The county said 600 households temporarily lost power, but during a news conference Wednesday afternoon Amanda Bowen, the county’s emergency manager, said El Paso Electric had restored most if not all service.

“We’re still really trying to get our hands around exactly what is happening and how we best help so we don’t make things worse in the process,” Bowen told reporters outside the community center, where Red Cross and county emergency staff were on hand with sandbags and other supplies.

Multiple roads in the community were closed due to flooding or debris, and county work crews labored through the night to keep culverts and other passages clear of debris as stormwaters flowed from the upper watershed across Vado. Crews worked on a damaged culvert underneath Stern Drive, a frontage road along Interstate 10, which also saw minor flooding Tuesday night.

Multiple agencies responded Tuesday, including fire and swift water rescue teams from the county and Las Cruces, Doña Ana County deputies and New Mexico State Police, the Elephant Butte Irrigation District and the New Mexico National Guard.

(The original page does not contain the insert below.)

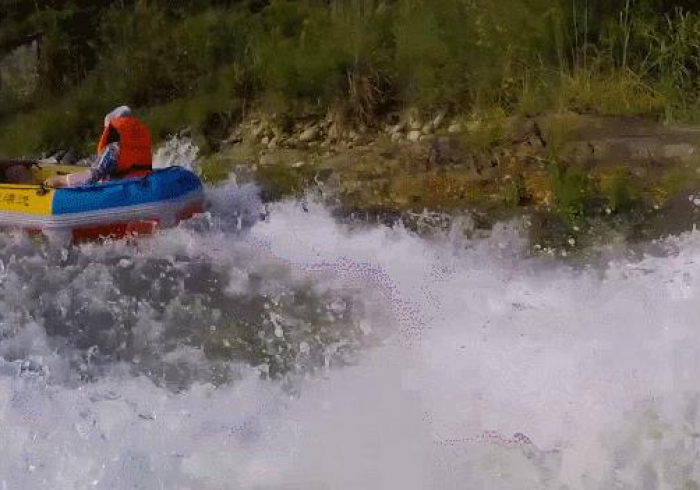 【 独 家 发 现 】 “ 途 游 竞 技 可 以 调 胜 率 吗 [ 分 享 装 挂 详 细 步 骤 ]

On Wednesday, County Manager Scott Andrews said officials were assessing the estimated damage ahead of an emergency meeting Thursday, where county commissioners will consider a disaster declaration that could unlock state resources to aid in the recovery. Andrews said it was not clear whether the damages would meet the minimum threshold for disaster relief. Local residents were encouraged to call 211 with questions or to report damages; an online portal was being established and promoted via the county’s social media channels, as well.

Vado Speedway, a dirt racing track located close to the interstate, confirmed that its entire infield was flooded Wednesday, but General Manager Mike Garcia confirmed the park would be ready for a racing event scheduled for Saturday.

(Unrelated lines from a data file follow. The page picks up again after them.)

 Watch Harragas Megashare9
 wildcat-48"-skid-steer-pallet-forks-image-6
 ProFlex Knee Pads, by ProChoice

“We send out prayers for all those affected by the flooding yesterday,” Garcia told the Journal.

Neighborhood near arroyo swamped

Swannack Road, a residential street near Vado’s arroyo, was the scene of several rescues Tuesday night, with approximately 10 neighbors working in tandem with rescue teams.

On Wednesday afternoon, residents were digging mud from front walks and moving saturated belongings out into the sun.

Sweating into a shirt already streaked with mud, Leonardo Zamora helped family members whose house had been flooded prepare to move in with him temporarily.

“The good thing is, everybody’s fine,” he said. “The material things, we’ll figure out later.”

Tabitha Gonzales, who lives at a higher point on the road, said she and her family members were “sore and bruised” after helping lower-lying residents evacuate their homes and reach emergency services.

She said the storm began as an irregular sprinkle Tuesday that turned, by early evening, into a downpour. Summer monsoons, she said, “usually rain pretty hard for a little bit and then it will just stop; but this one kind of lasted for a couple of hours. Most of that water was probably coming down from the mountains, and so it just kept coming and coming and coming.”

Her cousin, Elijah Sanchez, a lifelong resident living in a trailer home next to the arroyo, said he had not seen the channel full since he was a child, while other Swannack Road residents said they had not seen a storm of this magnitude in nearly two decades.

Sanchez said he, Gonzales and other family members were drawn outside by the sound of roaring water. They then observed the water breach the embankment and begin to flow very quickly into neighboring yards.

Sanchez, home after completing U.S. Army basic training at Fort Bliss, said he moved from one home to the next, rescuing one dog, a neighbor recovering from a broken femur, and elderly and disabled residents.

Sanchez said water levels climbed quickly in yards, reaching waist level and almost to his chest in some parts of the neighborhood, causing him to almost lose his footing in the current.

The neighbor with a broken leg ultimately had to be delivered to a rescue crew via a rolling trash cart.

“There wasn’t much to it,” Sanchez said Wednesday. “It was just about getting my neighbors to safety.”